The Academy generated controversy ahead of the ceremony after announcing that ABC’s broadcast would not present the winners of eight categories (including for short films, editing, and sound) live on air. Then the Academy brokered a partnership with Twitter to create two new participatory categories to celebrate this year’s theme, “Movie Lovers Unite.” The “Oscars Fan Favorite Vote” and “Oscars Cheer Moment” campaigns gathered votes via social media to reward mainstream fare like Spider-Man: No Way Home and Zack Snyder’s Justice League alongside the traditional nominees.
For more than 90 years, the Academy’s prize for Best Picture has gone to films distributed by Hollywood studios. Recent wins for A24’s Moonlight and Neon’s Parasite marked breakthroughs for smaller distributors, but there has yet to be a best picture winner from a streaming company. Netflix came close with Alfonso Cuarón’s 2018 film Roma, which earned Best Director. Could The Power Of The Dog or Don’t Look Up finally give the streaming giant the Oscar bona fides it craves this year? Or will CODA, Apple TV+’s debut contender, become the Academy’s historic first choice?
Speaking of CODA, Sian Heder’s film about a deaf family with a hearing daughter could mark multiple firsts for inclusivity and representation, as the film features actual deaf actors. CODA star Marlee Matlin remains the only deaf performer to win an Academy Award for acting—and that was in 1986 when she took home Best Actress honors for Children Of A Lesser God. The number of Oscar-winning deaf actors could double if Matlin’s co-star and Best Supporting Actor frontrunner Troy Kotsur captures his own Oscar statuette.
Actor-writer-director-producer Kenneth Branagh this year became the first individual nominated in seven different categories during his career—a feat that’s unlikely to be matched anytime soon. He received three nods for Belfast, but he’s still looking for his overdue first win.
Cate Blanchett, meanwhile, has now appeared in a whopping nine films that have earned Best Picture nominations, including 2022’s Don’t Look Up and Nightmare Alley. That puts Blanchett ahead of Olivia de Havilland, who previously held with record after appearing in eight nominated films.
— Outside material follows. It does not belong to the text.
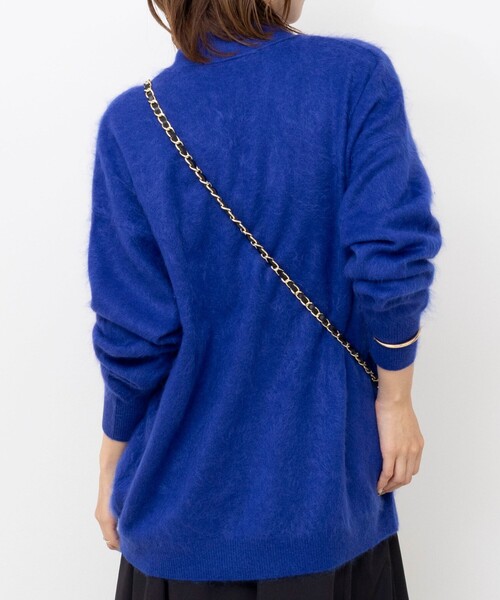 Laraaji（ララージ）の「カシミヤファー加工Vネックカーディガン（カーディガン/ボレロ・レディース・グレー/ロイヤルブルー・38）」の16枚目の写真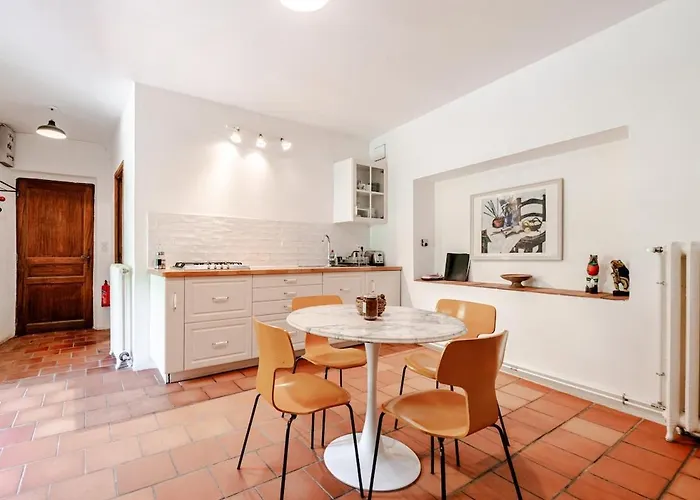 شقة Chateau De Salamon - Privee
Steven Spielberg, perhaps Hollywood’s most recognizable director, is now the first person to nominated in the Best Director category in six consecutive decades after his nod for West Side Story. In all, Spielberg has 18 nominations in his career and three wins.
Rising star Ariana DeBose, who earned a Best Supporting Actress nomination for playing Anita in West Side Story, follows in the footsteps of co-star Rita Moreno, who played the same role in Robert Wise’s 1961 adaptation of the classic musical. If DeBose wins Supporting Actress like Moreno did 61 years earlier, the pair will join a select group of actors who claimed an Oscar for the same role in different films. Marlon Brando and Robert De Niro did it first as Vito Corleone in The Godfather and The Godfather Part II, respectively. Then Heath Ledger and Joaquin Phoenix both earned gold as the Joker in The Dark Knight and Joker.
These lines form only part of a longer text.